His comments were in response to the Prime Minister's statment asking Parliament to pass the Bill immediately, and the opinion of a large group of civil society organizations who  pushed for a legislative amendment to limit the law enforcement bodies surveillance capabilities.

"Before Parliament takes a month break due to the expected self-government elections, we will pass most of the amendments at the first hearing,” Usupashvili said at a press conference today.

"There is only one procedural issue relating to the mobile telecommunication companies that needs additional discussion.”

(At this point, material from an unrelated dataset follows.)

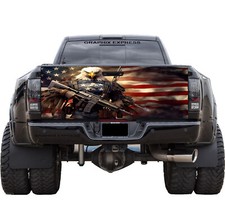Tailgate Wrap American Flag Eagle Vinyl Graphic Decal Sticker Pickup Decal T341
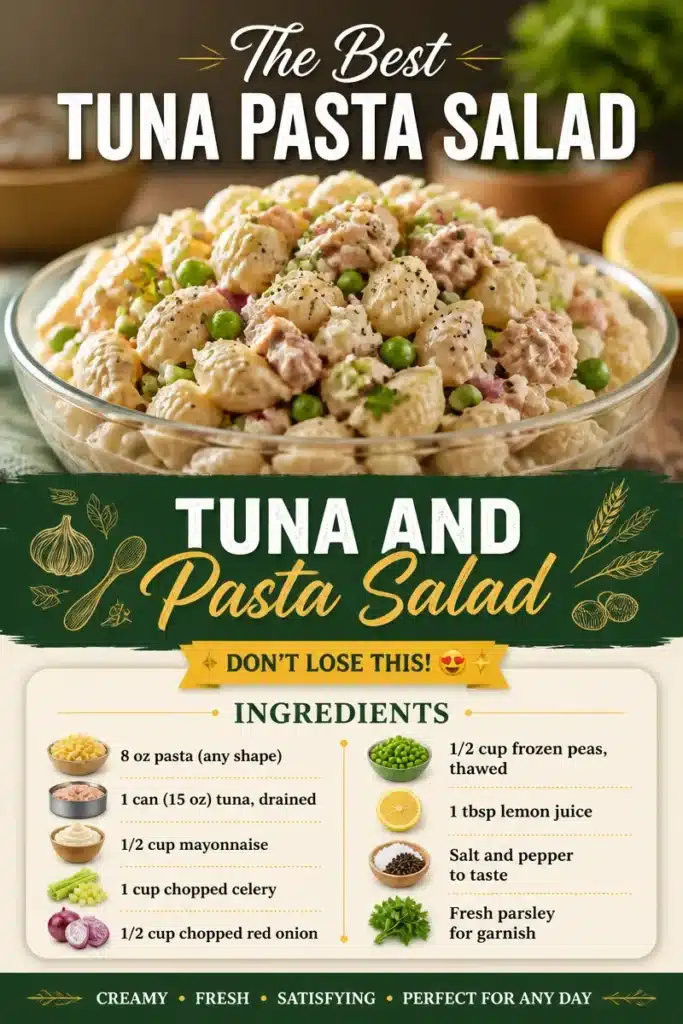Delicious Tuna Pasta Salad served in a bowl garnished with fresh herbs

Parliament Speaker believed parties had agreed on most of the issues and talk surrounding illegal surveillance of Georgian citizens must be stopped.

Earlier today, organizations participating in the campaign "This Affects You – We are still being Wiretapped,” was slammed by the Prime Minister. The campaign is being run by non-government organizations against illegal surveillance. Prime Minister Garibashvili said this campaign was "damaging Georgia’s international reputation and undermining the country’s security”.

"When the image of our country is being strengthened in the international arena and we are showing progress every day, these people spend thousands of Lari in advertisements that destroy the country's image. I call this an undermining activity of the country", Garibashvili said at today's Governmental meeting.

He said the "This Affects You" campaign falsely claimed that citizens were still being eavesdropped.

Garibashvili also believed the version of the Bill presented by non-governmental groups and opposition party United National Movement (UNM) was a "real disaster" and it would have jeopardized the smooth and efficient work of the entire law enforcement system and security system of the country.

"We have not allowed this and we have started developing the mentioned Bill,” he said.

The Prime Minister’s criticism towards the NGO sector has been strongly opposed by "This Affects You" campaign member organisations, including Transparency International Georgia.

The anti-corruption watchdog’s executive director, Eka Gigauri believed law enforcement agencies had "immense surveillance capabilities" and called on the Government to be more corrective.

"The Ministry of Internal Affairs has the capability to eavesdrop successfully 21,000 citizens simultaneously and these facts have been mentioned not only by the civil society sector but in the reports of the EU's Special Adviser Thomas Hammarberg and in the State Department’s reports,” Gigauri said.

She said the PM had loed when he said the Bill had been proposed by UNM and NGO's. "The Bill was proposed by journalists Zviad Koridze and Lasha Tugushi and the Juridical Committee of Parliament,” she said.

The issue of illegal surveillance has become a subject of intense discussion in Georgia following the revelation thousands of secret video recordings were kept by the former government of Georgia.

The current Government has pledged to establish strong mechanisms in legislative and executive level to prevent illegal surveillance. But human rights and watchdog groups said despite these promises, law enforcement agencies still had unlimited access to data from communication service operators.